Incident Response Hardening Playbook: From Detection to Post-Mortem

Incident Response Hardening Playbook: From Detection to Post-Mortem

Problem

During an active security incident, hardening is reactive: isolate the compromised system, contain the blast radius, preserve evidence, and stop the bleeding. After the incident, hardening is preventive: translate findings into permanent controls that ensure the same attack path never works again. Most teams lack a structured approach for either.
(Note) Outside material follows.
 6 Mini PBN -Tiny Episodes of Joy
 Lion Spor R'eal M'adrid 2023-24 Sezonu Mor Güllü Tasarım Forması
The typical incident response is chaotic. An alert fires. Someone investigates. Credentials get rotated, maybe. The compromised pod gets deleted (destroying evidence). A week later, life continues and no permanent hardening happens. The same attack path remains open. The post-mortem (if one happens) produces action items that sit in a ticket queue for months.

This playbook provides step-by-step procedures for containment during an incident and a structured process for converting incident findings into permanent hardening controls afterward.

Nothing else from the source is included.